··· Available data

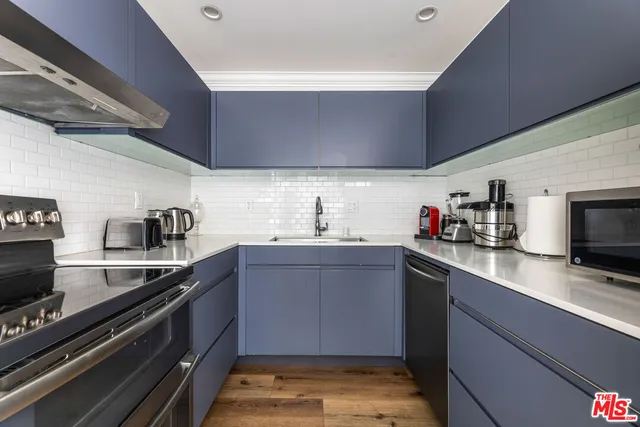 $3,500 | 5215 Balboa Boulevard, Unit 102, Encino, CA 91316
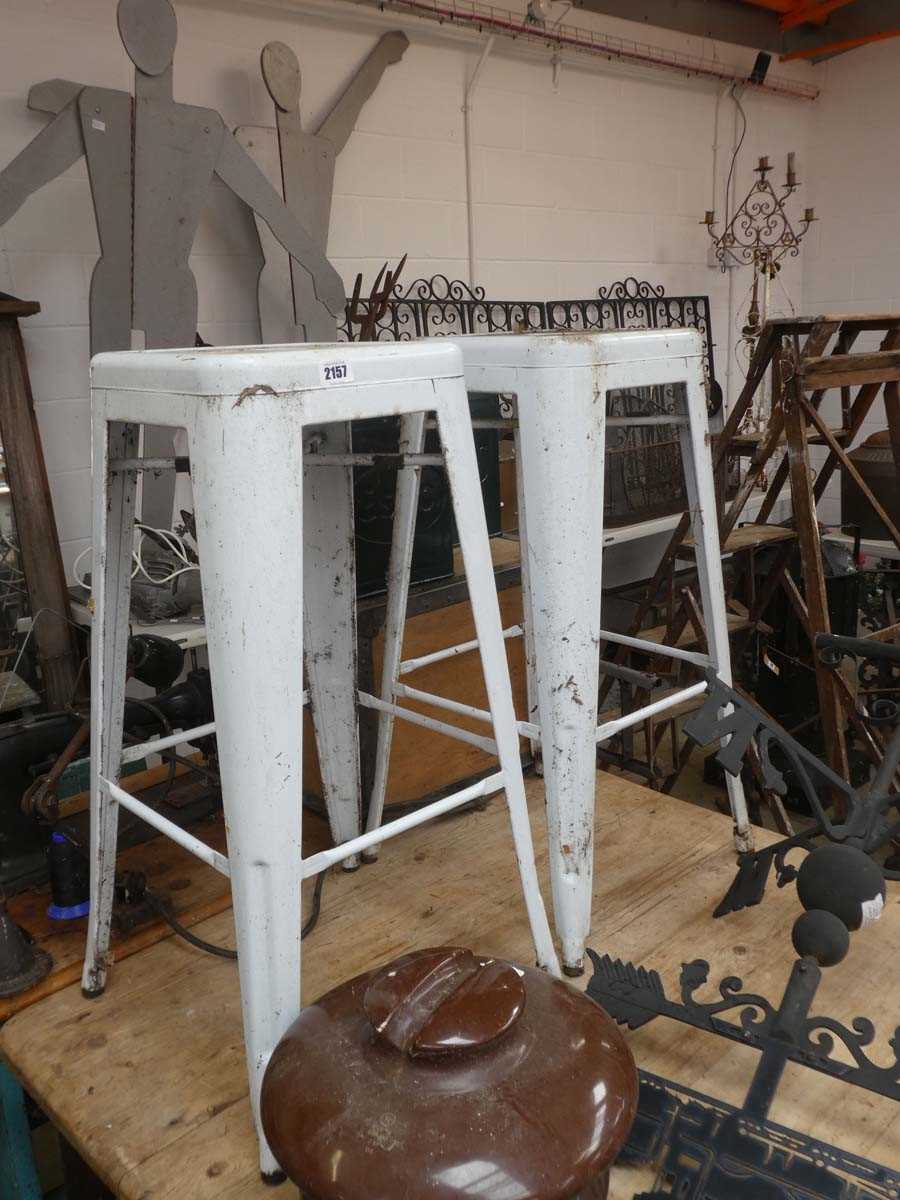 Lot Pair of white enamelled stools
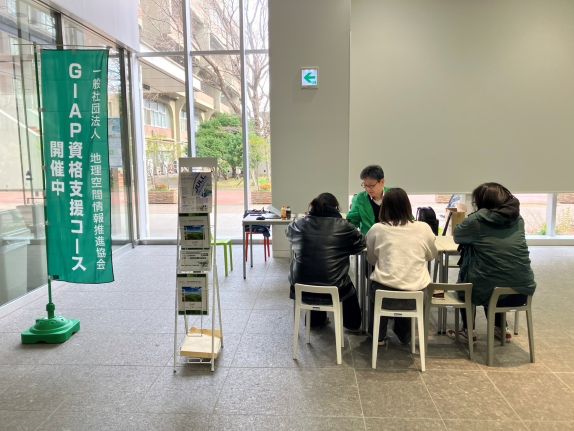 NSCiconstructi1's tweet photo. 新星コンサルタントの操縦士は日本大学津田沼キャンパスにおいて、GIAP主催の国家資格説明会に講師として参加しました。
お問合せ・ご質問等は弊社HPをご覧下さい。
https://t.co/7S8hWJKm8O
#国家資格説明会
#日本大学
#操縦士
#講師
#UAV
#GIAP
#新星コンサルタント
#調査部
#ict
#ictアドバイザー https://t.co/NbSBSsiRYZ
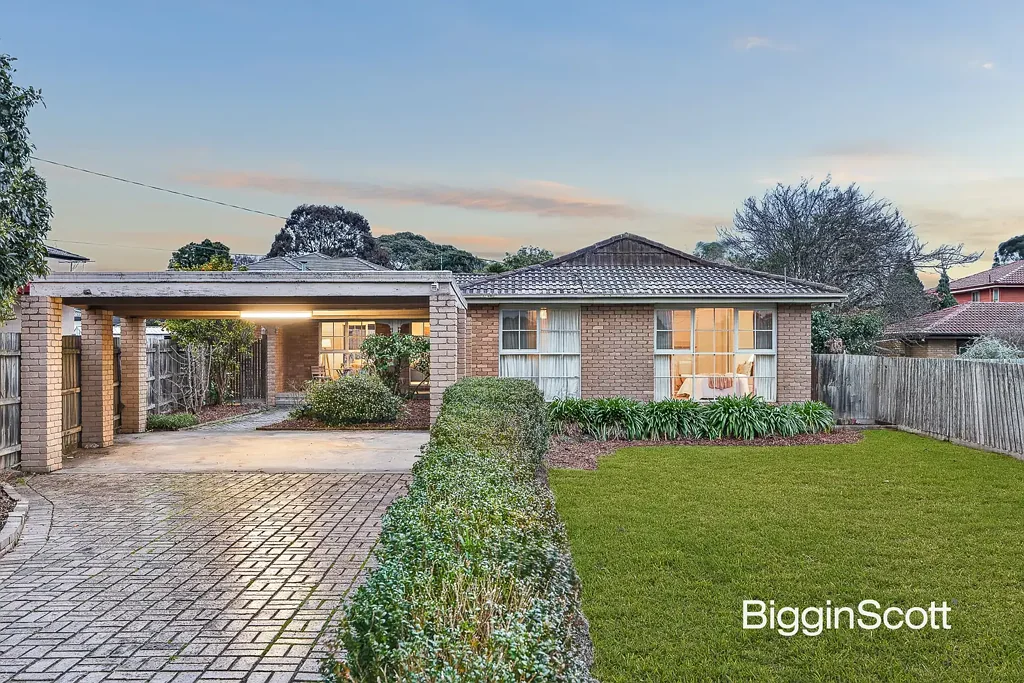 Glen Waverley 4ਬੈੱਡਰੂਮ FAMILY SERENITY ON 953SQM APPROX. IN DUAL SCHOOL ZONES!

······

Task instructions>
Set down every entry word for word, but omit the pictures.

Answer to this problem>
 $3,500 | 5215 Balboa Boulevard, Unit 102, Encino, CA 91316
 Lot Pair of white enamelled stools
 NSCiconstructi1's tweet photo. 新星コンサルタントの操縦士は日本大学津田沼キャンパスにおいて、GIAP主催の国家資格説明会に講師として参加しました。
お問合せ・ご質問等は弊社HPをご覧下さい。
https://t.co/7S8hWJKm8O
#国家資格説明会
#日本大学
#操縦士
#講師
#UAV
#GIAP
#新星コンサルタント
#調査部
#ict
#ictアドバイザー https://t.co/NbSBSsiRYZ
 Glen Waverley 4ਬੈੱਡਰੂਮ FAMILY SERENITY ON 953SQM APPROX. IN DUAL SCHOOL ZONES!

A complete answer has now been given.